A lua na sarjeta (La lune dans le caniveau, 1983), David Goodis por Jean-Jacques Beineix.

sábado, 8 de janeiro de 2011

BADLANDS, O FIM DO SONHO AMERICANO

Não são muitos, na ficção norte-americana e mundial, os textos inspirados no assassinato do presidente John Kennedy, o terceiro mais importante evento da história dos EUA durante o século XX: o primeiro seria o ataque japonês a Pearl Harbor e a derrota no Vietnam. Romances de valor sobre aquele crime, se acreditarmos verdadeiras as palavras de Jonathan Vankin, há dois: Libra, de Don Delillo, e Tabloide americano, de James Ellroy. Ambos muito elogiados e pilares em seu gênero. Nos quadrinhos, especialmente, havia um hiato, até que surgiu, em 2003, quarenta anos após a morte de Kennedy, Badlands, o fim do sonho americano, de Steven Grant (roteiro) e Vince Giarrano (arte).

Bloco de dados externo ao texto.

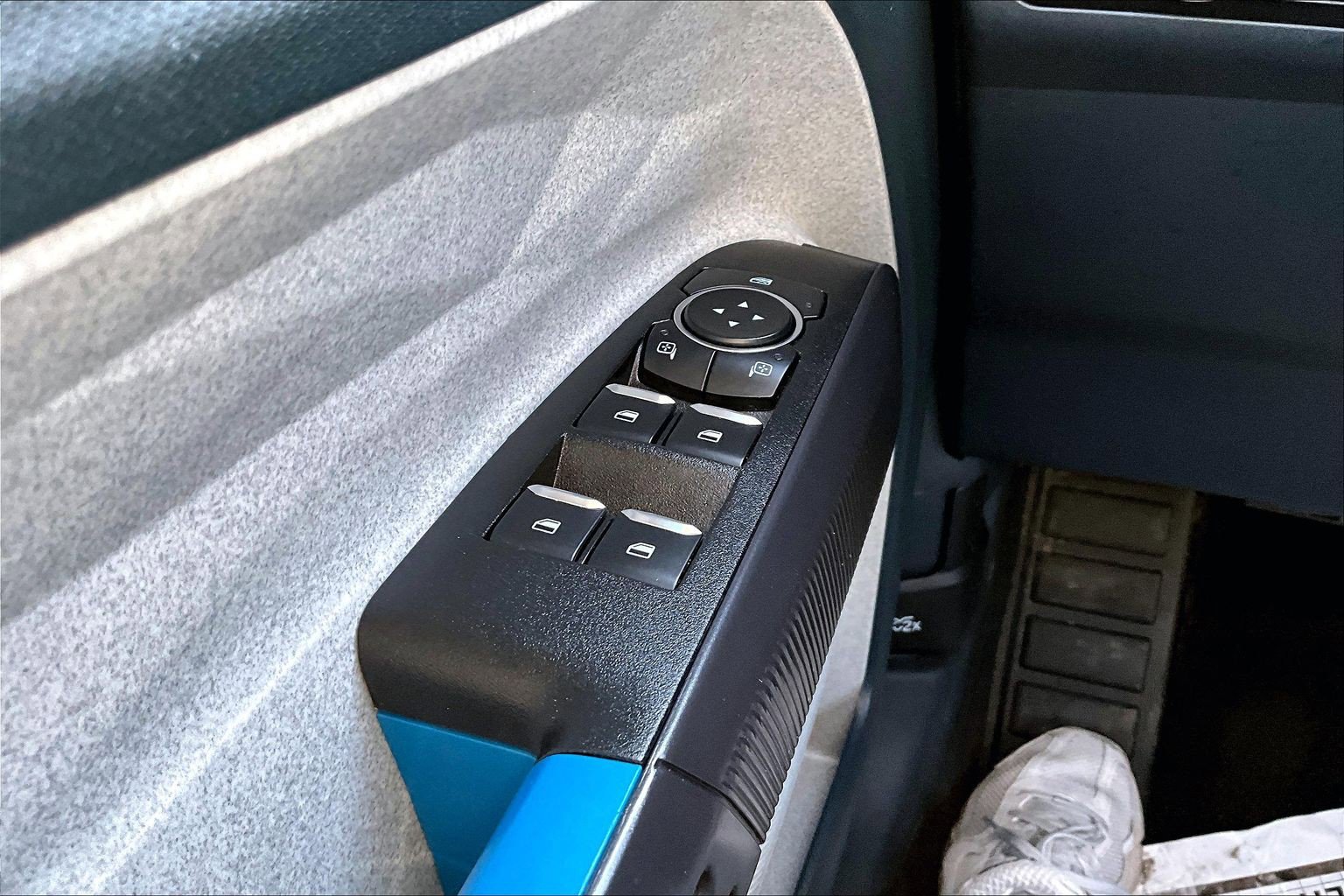 2025 Ford Maverick XLT - Photo 34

A narrativa é fluente, e o enfoque, inédito: Lee Harvey Oswald não matou Kennedy; foi posto na história, e na História, como um curinga de baralho, porque o verdadeiro assassino desapareceu e era preciso oferecer um culpado à nação e ao mundo. Quanto aos verdadeiros responsáveis pelo crime, certamente o financiou a esfera política insatisfeita com o desempenho do presidente, com suas gafes, suas trapalhadas. Os desenhos, num P&B cinematográfico, são realistas e movimentados, com ângulos que surpreendem e obrigam o leitor a se deter um instante, ao mesmo tempo fascinado e avaliando o que viu.

Um outro aspecto do qual o leitor tira enorme proveito reside no fato de que a história não se esgota na primeira leitura: do tipo enquadrado e com muitos vaivéns no espaço e no tempo, apresenta uma montagem que a princípio não parece coerente ou, pelo menos, soa canhestra. Mas esse é o propósito: deixar a cargo do leitor organizar a narrativa, conforme a recepção das partes e o encadeamento dos quadros em sua mente. Badlands é ainda valiosa por intercalar em sua representação de um evento histórico, e com bastante coesão, sem parecer uma ferramenta postiça, referências precisas à vida corrente dos anos 1960, como a música popular (especialmente Beatles), a contracultura, o amor livre, a Guerra Fria, o mundo burguês endinheirado (com sua afetação e suas manias) e os hippies nômades.

Mal terminei de ler Badlands, já sabia que a leria de novo, em breve, o que só muito raramente ocorre com uma HQ, e em geral com aquelas que apresentam um grau mais elevado de arte, ou por seus desenhos ou por seu assunto: Eisner, Berardi & Milazzo, Pratt, Moebius, Manara. Talvez não tenha sido esta a intenção dos criadores de Badlands, mas é inegável que, como HQ policial baseada num acontecimento histórico dos mais relevantes dos EUA, a versão que ela sugere é original e duradoura: Kennedy não foi assinado por um louco, nem eram loucos aqueles que o assassinaram; houve premeditação profissional e havia um agente que apertou o gatilho e que, por uma interferência irônica mais interna que aleatória, escapou ao seu destino de bode expiatório.

Com isso quererá nos dizer que não se pode manipular a contento uma cadeia de eventos? Não sei, afinal de contas é só uma HQ.

Um comentário:

Márcia Barretto disse...

Olá! Gostei da dica; adoro HQ e a lista que vc citou, obrigatória para aficcionados; interessante também sua lista de eventos marcantes nos EUA; faltou o WTC; grandes feridas narcísicas no estômago da grande águia calva...Vou procurar o Badlands; Valeu!